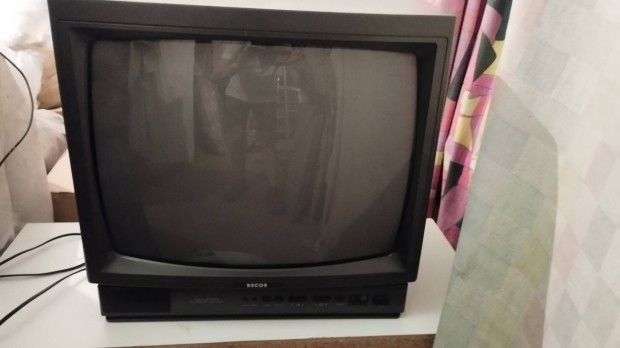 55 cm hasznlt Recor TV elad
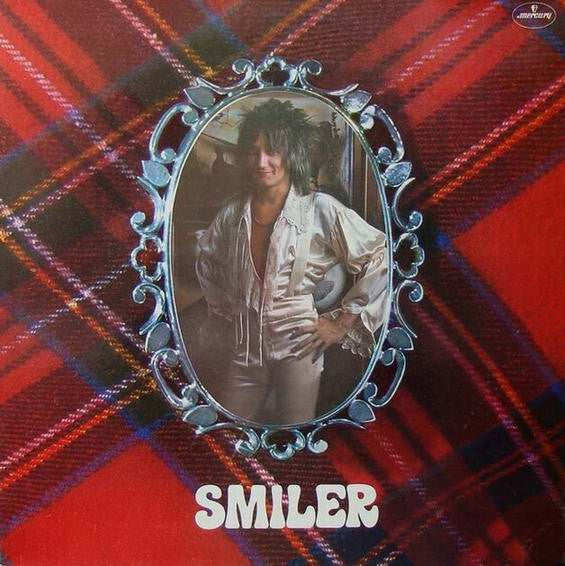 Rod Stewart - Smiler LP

=======

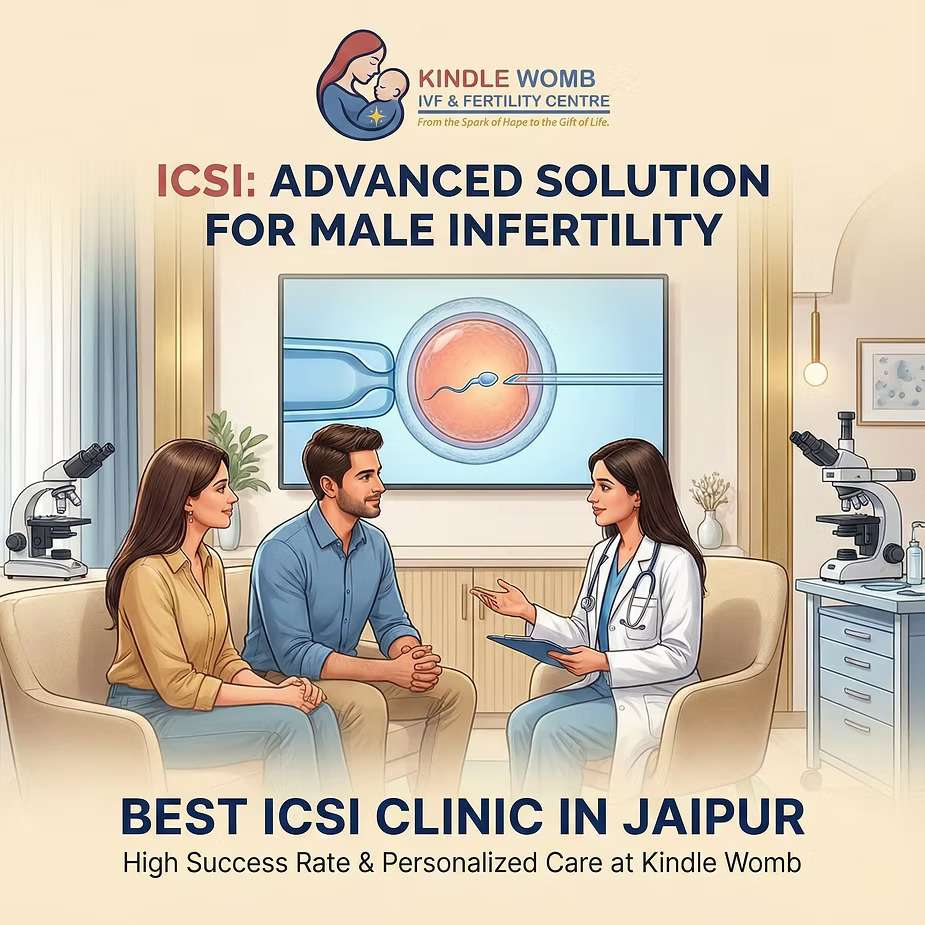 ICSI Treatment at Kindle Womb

=======

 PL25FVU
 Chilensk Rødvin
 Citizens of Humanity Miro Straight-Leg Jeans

=======

◆ Problem to solve
In the listing above, find the line containing "55 cm hasznlt Recor TV elad" and the line containing "Rod Stewart - Smiler LP"; print those lines and every line between them exactly, leaving out pictures.

◆ Expected output
 55 cm hasznlt Recor TV elad
 Rod Stewart - Smiler LP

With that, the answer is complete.